Entre as paredes de um motel

“Namorados para Sempre ”, de Derek Cianfrance , pelo título , sugere tratar-se de comédia romântica, ou mesmo traz à lembrança “9 ½ semanas de amor”, cult dos anos 80. Cindy e Dean se isolam num motel para terem momentos de amor que foram roubados pelo turbilhão da vida cotidiana. Eles são casados, têm uma filha de cinco anos, deixam a menina com o pai de Cindy e se preparam para a estada no motel como se fossem para uma viagem ao Tibet. Nas primeiras cenas fica a impressão de um casal que espera, com o artifício do isolamento, reviver momentos de felicidade perdidos no passado.
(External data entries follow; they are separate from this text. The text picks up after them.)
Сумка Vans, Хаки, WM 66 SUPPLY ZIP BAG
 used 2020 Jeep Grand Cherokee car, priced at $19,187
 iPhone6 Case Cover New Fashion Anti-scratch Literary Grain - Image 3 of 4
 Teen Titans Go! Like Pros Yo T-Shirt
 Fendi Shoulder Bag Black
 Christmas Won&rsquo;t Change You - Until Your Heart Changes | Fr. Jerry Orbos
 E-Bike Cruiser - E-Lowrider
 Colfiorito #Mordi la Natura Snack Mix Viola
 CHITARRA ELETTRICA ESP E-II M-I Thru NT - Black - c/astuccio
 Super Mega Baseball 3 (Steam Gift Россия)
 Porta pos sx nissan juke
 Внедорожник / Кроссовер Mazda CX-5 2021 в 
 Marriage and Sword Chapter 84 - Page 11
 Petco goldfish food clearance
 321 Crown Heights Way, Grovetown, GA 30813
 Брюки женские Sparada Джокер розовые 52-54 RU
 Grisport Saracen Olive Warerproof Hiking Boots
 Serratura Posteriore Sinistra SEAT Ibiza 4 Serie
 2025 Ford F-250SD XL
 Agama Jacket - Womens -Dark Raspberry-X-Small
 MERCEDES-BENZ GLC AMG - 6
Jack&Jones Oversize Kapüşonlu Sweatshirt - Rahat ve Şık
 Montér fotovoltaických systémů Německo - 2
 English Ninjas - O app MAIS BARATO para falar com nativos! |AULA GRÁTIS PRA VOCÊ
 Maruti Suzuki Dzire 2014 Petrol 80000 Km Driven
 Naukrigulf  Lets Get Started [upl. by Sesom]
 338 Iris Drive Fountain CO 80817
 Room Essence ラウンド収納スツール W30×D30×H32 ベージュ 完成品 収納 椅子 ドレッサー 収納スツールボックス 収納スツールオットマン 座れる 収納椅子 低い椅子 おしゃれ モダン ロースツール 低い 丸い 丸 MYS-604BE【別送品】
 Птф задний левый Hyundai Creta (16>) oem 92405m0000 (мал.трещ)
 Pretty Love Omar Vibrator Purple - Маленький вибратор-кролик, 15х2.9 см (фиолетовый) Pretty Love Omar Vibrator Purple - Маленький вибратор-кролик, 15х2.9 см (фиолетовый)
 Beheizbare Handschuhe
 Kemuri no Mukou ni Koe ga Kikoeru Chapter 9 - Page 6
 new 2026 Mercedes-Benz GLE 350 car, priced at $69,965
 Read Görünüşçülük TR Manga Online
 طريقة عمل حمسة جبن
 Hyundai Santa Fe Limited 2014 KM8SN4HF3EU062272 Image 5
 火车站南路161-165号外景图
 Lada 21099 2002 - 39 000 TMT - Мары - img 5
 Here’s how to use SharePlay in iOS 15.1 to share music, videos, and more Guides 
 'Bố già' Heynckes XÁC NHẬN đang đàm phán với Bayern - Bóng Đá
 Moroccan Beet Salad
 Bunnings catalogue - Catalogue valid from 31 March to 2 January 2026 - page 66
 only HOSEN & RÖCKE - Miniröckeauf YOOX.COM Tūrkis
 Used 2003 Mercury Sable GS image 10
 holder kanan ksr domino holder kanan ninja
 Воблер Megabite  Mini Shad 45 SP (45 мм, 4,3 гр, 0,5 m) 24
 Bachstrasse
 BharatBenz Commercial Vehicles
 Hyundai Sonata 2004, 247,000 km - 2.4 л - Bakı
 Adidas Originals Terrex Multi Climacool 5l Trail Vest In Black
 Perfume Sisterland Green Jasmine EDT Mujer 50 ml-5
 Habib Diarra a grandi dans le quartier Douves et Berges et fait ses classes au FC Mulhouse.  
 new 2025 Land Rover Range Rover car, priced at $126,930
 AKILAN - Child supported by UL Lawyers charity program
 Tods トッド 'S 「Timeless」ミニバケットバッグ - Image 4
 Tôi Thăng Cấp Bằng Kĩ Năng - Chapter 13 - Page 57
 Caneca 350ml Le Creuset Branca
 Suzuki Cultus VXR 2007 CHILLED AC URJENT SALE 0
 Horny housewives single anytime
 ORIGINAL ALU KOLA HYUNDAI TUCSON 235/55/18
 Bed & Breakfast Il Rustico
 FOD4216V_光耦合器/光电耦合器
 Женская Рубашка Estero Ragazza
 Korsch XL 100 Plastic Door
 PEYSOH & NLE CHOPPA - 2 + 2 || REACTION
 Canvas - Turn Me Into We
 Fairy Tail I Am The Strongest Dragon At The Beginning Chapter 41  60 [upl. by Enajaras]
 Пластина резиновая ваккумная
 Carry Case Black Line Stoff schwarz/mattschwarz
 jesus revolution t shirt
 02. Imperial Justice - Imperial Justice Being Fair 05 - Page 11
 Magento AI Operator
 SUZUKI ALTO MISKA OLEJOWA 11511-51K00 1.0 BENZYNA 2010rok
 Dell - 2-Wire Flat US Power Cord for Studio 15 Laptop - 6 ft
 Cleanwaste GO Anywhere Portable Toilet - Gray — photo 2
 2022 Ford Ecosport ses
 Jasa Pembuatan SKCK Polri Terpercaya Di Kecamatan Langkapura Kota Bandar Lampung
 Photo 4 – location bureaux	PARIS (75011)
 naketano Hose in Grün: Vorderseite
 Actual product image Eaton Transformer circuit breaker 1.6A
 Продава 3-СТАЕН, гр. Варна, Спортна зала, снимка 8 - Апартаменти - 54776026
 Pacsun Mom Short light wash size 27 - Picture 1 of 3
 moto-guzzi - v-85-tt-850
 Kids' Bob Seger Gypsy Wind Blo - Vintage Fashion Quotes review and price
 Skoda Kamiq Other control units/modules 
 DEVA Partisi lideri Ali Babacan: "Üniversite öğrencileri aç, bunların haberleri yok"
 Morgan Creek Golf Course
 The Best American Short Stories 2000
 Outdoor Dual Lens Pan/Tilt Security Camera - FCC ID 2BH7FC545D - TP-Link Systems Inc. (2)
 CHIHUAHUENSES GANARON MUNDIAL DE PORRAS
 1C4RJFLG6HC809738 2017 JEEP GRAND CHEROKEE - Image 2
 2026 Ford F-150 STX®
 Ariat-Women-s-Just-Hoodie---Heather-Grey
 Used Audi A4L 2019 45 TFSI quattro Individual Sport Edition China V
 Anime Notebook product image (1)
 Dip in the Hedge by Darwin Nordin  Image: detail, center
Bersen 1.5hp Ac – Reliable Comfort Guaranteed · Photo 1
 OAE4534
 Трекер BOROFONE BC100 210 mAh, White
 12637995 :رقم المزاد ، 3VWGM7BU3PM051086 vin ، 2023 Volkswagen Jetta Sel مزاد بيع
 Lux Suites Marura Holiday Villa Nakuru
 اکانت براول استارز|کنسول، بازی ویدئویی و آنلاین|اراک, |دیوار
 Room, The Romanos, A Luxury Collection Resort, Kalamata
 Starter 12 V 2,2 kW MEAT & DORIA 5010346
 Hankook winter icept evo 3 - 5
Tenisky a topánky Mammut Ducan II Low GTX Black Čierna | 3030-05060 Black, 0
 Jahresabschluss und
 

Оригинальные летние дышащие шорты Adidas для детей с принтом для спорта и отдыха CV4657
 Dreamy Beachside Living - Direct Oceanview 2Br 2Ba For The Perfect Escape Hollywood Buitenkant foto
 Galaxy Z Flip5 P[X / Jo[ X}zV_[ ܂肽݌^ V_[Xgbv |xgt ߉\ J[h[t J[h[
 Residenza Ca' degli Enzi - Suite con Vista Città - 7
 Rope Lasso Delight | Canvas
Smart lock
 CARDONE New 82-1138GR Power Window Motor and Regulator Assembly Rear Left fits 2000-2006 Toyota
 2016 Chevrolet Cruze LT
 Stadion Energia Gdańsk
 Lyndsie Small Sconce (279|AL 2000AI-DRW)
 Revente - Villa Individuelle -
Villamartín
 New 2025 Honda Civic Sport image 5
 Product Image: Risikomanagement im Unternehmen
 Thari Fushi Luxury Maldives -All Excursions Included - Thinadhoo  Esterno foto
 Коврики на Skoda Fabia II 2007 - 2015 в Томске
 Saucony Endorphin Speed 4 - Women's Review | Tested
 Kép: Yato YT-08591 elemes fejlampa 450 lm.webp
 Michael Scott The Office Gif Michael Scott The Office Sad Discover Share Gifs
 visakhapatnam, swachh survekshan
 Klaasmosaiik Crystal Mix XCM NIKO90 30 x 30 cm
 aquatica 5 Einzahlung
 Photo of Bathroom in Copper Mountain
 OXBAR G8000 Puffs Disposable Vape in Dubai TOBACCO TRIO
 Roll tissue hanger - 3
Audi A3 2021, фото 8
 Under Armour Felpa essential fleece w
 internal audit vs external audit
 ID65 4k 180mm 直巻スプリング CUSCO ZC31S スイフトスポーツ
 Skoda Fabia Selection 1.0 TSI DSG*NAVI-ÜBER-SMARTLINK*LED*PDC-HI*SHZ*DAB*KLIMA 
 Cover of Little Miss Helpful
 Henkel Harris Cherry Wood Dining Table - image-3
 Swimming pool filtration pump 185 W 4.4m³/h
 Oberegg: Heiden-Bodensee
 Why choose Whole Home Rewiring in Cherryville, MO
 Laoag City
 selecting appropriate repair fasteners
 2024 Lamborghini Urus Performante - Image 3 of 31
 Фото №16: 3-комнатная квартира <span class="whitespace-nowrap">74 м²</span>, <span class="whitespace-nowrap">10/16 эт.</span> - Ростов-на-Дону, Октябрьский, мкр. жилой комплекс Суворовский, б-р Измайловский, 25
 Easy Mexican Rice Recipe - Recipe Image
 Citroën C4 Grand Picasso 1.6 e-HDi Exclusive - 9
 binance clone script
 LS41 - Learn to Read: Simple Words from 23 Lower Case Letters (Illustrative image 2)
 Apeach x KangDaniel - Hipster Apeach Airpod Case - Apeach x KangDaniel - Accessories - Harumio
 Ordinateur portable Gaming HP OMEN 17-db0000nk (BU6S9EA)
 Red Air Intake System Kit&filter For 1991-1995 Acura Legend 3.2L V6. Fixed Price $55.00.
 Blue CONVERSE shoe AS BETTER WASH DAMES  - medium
No caminho, um encontro casual entre Cindy e um rapaz num supermercado anuncia que há algo mais a ser encaixado no idílio amoroso do casal. O que apenas fora sugerido na casualidade do encontro se revela aos poucos. O rapaz do supermercado fora um antigo envolvimento de Cindy e é o pai legítimo de sua filha.

A narrativa se desenvolve, então, em contraponto; alternam-se cenas em que o trio principal é apresentado no passado, sobre o ambiente no qual circulam, sobre as amizades, os afazeres e a maneira como Dean entra na vida de Cindy. No entanto , o recurso ao flash back não é adotado. O presente é rompido abruptamente com uma cena do passado, em seguida novamente a ação volta ao presente. Esse procedimento oferece ao espectador as circunstâncias bastante especiais do enlace entre Cindy e Dean, a presença do antigo namorado, a gravidez indesejada e finalmente a decisão de se casarem. A partir de certo momento o espectador é suficientemente informado de que Cindy e Dean desde o início tiveram uma relação marcada pelo movimento de mão única: Dean sempre fora apaixonado por ela, moveu pedras e montanhas para tê-la, assumiu uma filha que não era dele só para ter Cindy ao seu lado. Nessa altura da trama fica claro que o título do filme não tem nada a ver com uma comédia romântica e está longe do descolado clássico yuppie “9 ½ semanas de amor”. “Namorados para sempre” é um drama com título propositadamente ambíguo, no original “Blue Valentine”, que invoca tanto o azul como símbolo de liberdade, imensidão que se abre para a felicidade, quanto o sentimento de pesar e melancolia.

No motel, com o quarto decorado com motivos futuristas, Cindy e Dean não se amam, reafirmam os conflitos e diferenças que existiram entre eles desde quando se encontraram. A tentativa de resolução dos conflitos apenas acentua que para eles o casamento não passou de um indigesto mal-entendido . Dean é o lado fraco da relação. Como no primeiro encontro, se submete a humilhações para ter Cindy. Ela, por sua vez, se sente culpada por não dar a ele o que é vital para que um relacionamento seja de fato de mão dupla. Assim, ela empurra as tensões com a barriga até onde, como é de se esperar, não há qualquer saída senão a separação.

A trama de “Namorados para sempre” é comum; nenhuma novidade de tema nem de tratamento; o final é previsível tão logo o espectador perceba as enormes diferenças de estilo de vida no casal principal. Deve-se ressaltar, contudo, que se trata de um filme com enorme potencial para sensibilizar jovens casais que se identifiquem com os infortúnios de Cindy e Dean: o namoro casual, as expectativas de realização, as diferenças, tudo isso é apagado a um preço que não há artifício em motel que pague as desavenças no futuro. Fora esse possível elemento de identificação mais imediata, “Namorados para sempre” pode deixar na memória do espectador um ar de tristeza com a cena final: depois de uma briga na casa do pai de Cindy, ele a deixa com a filha e caminha pela calçada de uma rua na Pensilvânia, enquanto ao fundo se vê os fogos de artifício no dia de San Valetine, 14 de fevereiro, o dia dos namorados nos Estados Unidos e na Europa.